The paper describes recent progress on the development of an EUV source based on a hollow cathode triggered gas discharge (HCT). The principle of operation has been described in previous publications. When operated with Xe, a repetition frequency up to 4 kHz, conversion efficiency of 0.55% inband radiation in 2π and a pinch size below 3mm in length was demonstrated. Today's requirements on a commercial EUV source for volume production of wafers still exceed the current performance by large factors both in terms of output power and life time. This paper will discuss the roadmap to high power and will also show elements of the way to extended life time. Particular focus will be put onto the physical limits of Xe as radiator and the advantages of using Sn instead. It will be demonstrated that the spectral efficiency of Sn is a factor of 3 higher than Xe.

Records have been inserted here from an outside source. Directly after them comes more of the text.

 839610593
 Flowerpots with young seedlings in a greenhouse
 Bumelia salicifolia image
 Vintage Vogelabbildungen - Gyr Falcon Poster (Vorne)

The paper describes the physical properties and recent technical advances of the hollow cathode triggered pinch device (HCT) for the generation of EUV radiation. In previous publications we have demonstrated continuous operation of the untriggered device at 1 kHz in pure Xe. The newer generations operate with a triggering facility which allows a wider parameter space under which stable operation is possible. Repetition frequencies of up to 4 kHz could be demonstrated. Many of the experiments are performed in repetitive bursts of variable lengths and spacing. This allows also to demonstrate that there is only little transient behavior upon switching on and off the source. Conversion efficiencies into the 2 percent frequency band around 13.5 nm are about 0.4 percent in 2p, comparable to the values reported from other groups. Another important parameter is the size of the light emitting region. Here we have studied the influence of electrode geometry and flow properties on the size, to find a best match to the requirements of the collection optics. A major problem for the design of a complete wafer illumination system is the out-of-band portion of the radiation. Especially the DUV fraction of the source spectrum is a concern because it is also reflected to some extend by the Mo-Si multilayer mirrors. We show that the source has a low overall non-EUV part of the emission. In particular, it is demonstrated that there is very little DUV coming out of the usable source volume, well below the specified level.